WHAT IS BEING ASKED
Set out exactly every line of the entries below, starting at the line that holds "Heliot Emil Quadratic T-shirt - BLACK" and stopping after the line that holds "France sends Charles".

DATA FOR THE TASK
== == ==

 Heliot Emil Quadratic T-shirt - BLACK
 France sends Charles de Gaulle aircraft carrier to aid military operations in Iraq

== == ==

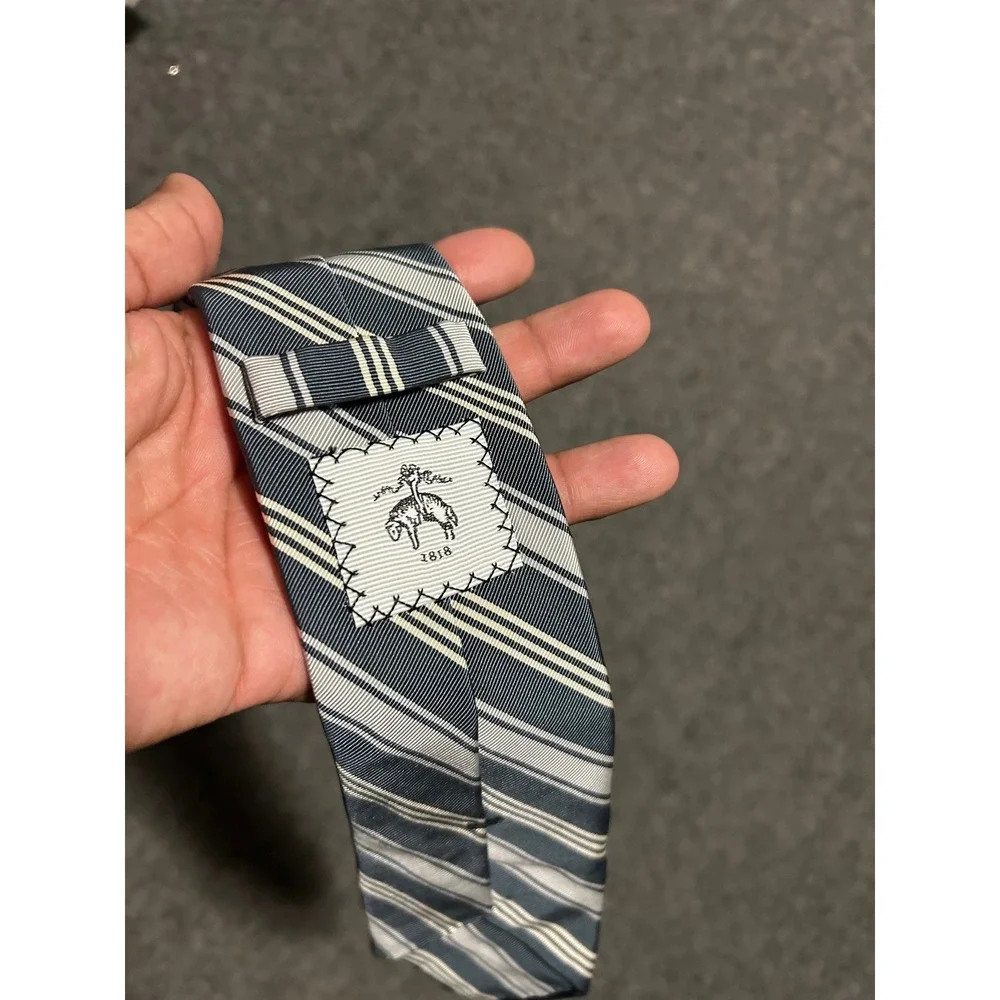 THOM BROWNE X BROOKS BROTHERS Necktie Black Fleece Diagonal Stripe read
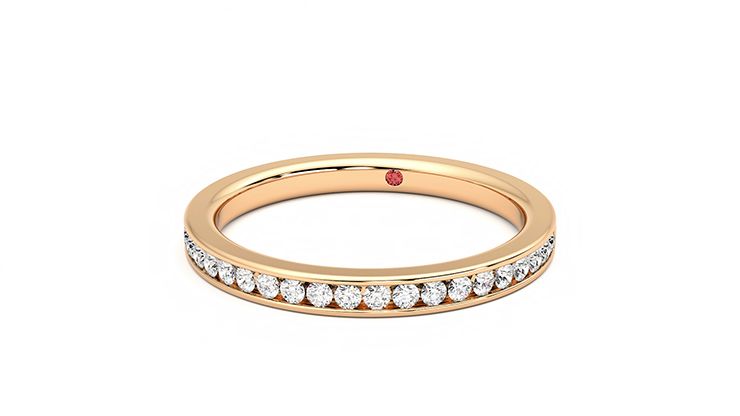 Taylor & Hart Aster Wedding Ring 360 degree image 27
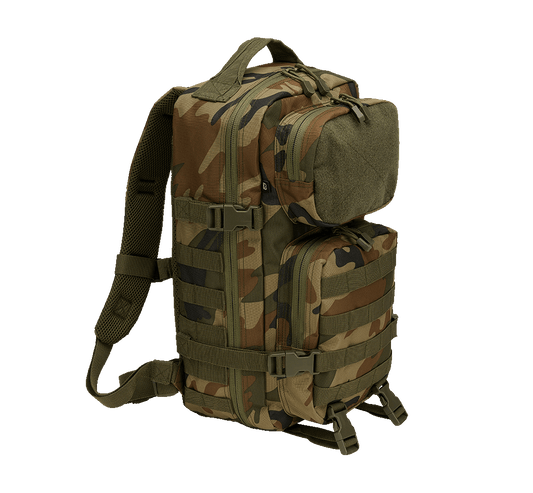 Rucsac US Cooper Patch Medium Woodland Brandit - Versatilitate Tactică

== == ==

OUTPUT FOR THIS EXERCISE
 Heliot Emil Quadratic T-shirt - BLACK
 France sends Charles de Gaulle aircraft carrier to aid military operations in Iraq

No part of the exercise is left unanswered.